Supplied data:
★ ★ ★ ★ ★ ★ ★
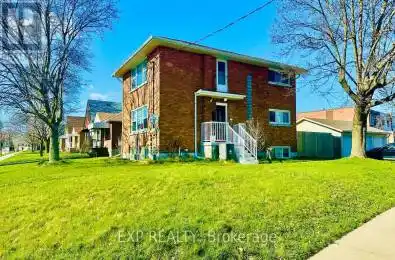 112 HEIMAN Street Kitchener Ontario N2M3L6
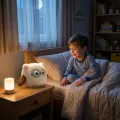 TESLA Bambino Buddy AI OWL - eine intelligente Plüscheule für Kinder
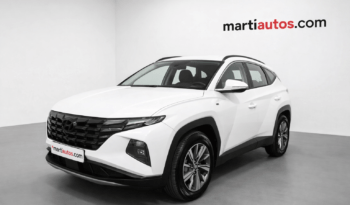 HYUNDAI TUCSON MAXX HYBRID 1.6 TGDi 150CV MODELO 2023 lleno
★ ★ ★ ★ ★ ★ ★
What is being asked: No pictures belong in the copy. Return exactly the lines from the line containing "TESLA Bambino Buddy" through the last line of the listing.

Response:
 TESLA Bambino Buddy AI OWL - eine intelligente Plüscheule für Kinder
 HYUNDAI TUCSON MAXX HYBRID 1.6 TGDi 150CV MODELO 2023 lleno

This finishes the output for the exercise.